Maggie turned to look at her youngest sister. Jillian Bennett Malcolm was only twenty-five and looked years younger, with her large aquamarine eyes, her pale, pretty face, her gentle manner. She was the daughter of the husband Sybil had always referred to as the great love of her life, probably because he’d died in a plane crash before she could tire of him, Maggie thought cynically. Surely a middle-aged British doctor and a flamboyant, much-married Hollywood actress couldn’t have much in common during the long haul. But Sybil had mourned for two years, her only stretch of celibacy as far as Maggie could remember, and Jilly had received more of Sybil’s sporadic maternal devotion than her other three daughters combined.
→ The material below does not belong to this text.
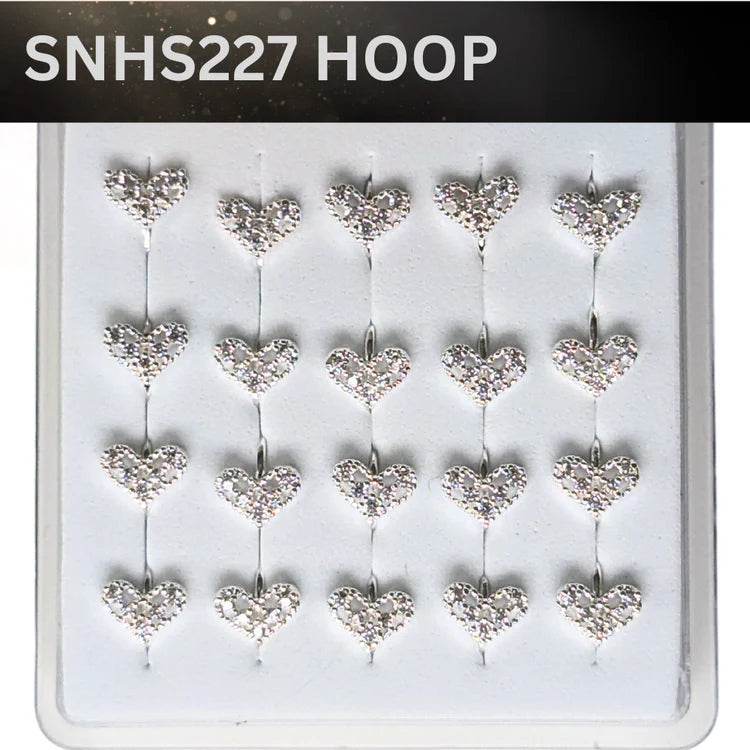 SNHS 227 DESING STONE SILVER ( HOOP) 20PCS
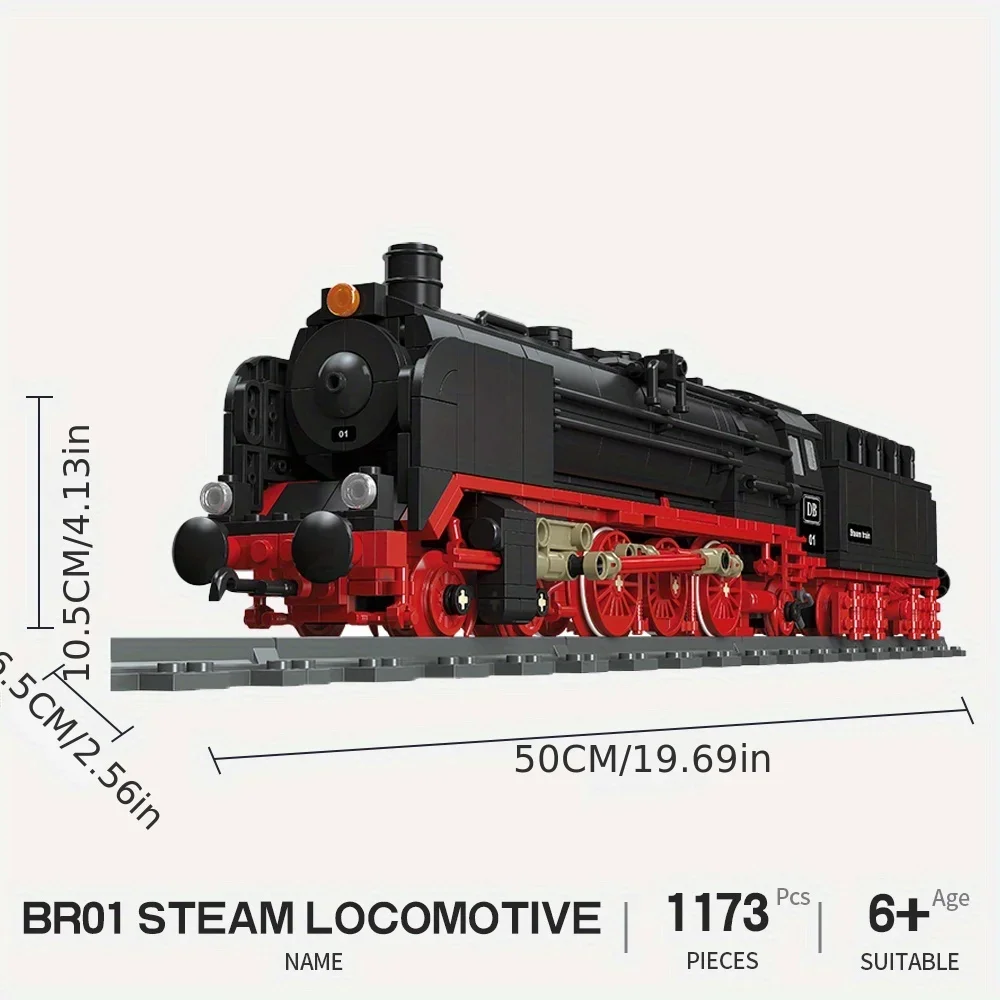 Creative Steam Train Railway Series Building Blocks Model Children\'s Diy City Building Block Toys For Perfect Christmas Gift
Which still wasn’t much.

If Maggie was the strong one, Kate the practical one, and Holly the pretty one, then Jilly was the sweet one. She lacked her sisters’ sharp tongues, she lacked Kate’s drive and Maggie’s fierce independence. And she lacked Holly’s self-absorption. She’d followed in her father’s medical footsteps, training and working as a nurse-midwife in an impoverished
section of the Northwest, devoting her life to the needy. Her three sisters looked at her with mingled guilt and affection.

“You don’t think she’ll make it?” Kate said finally, breaking the silence.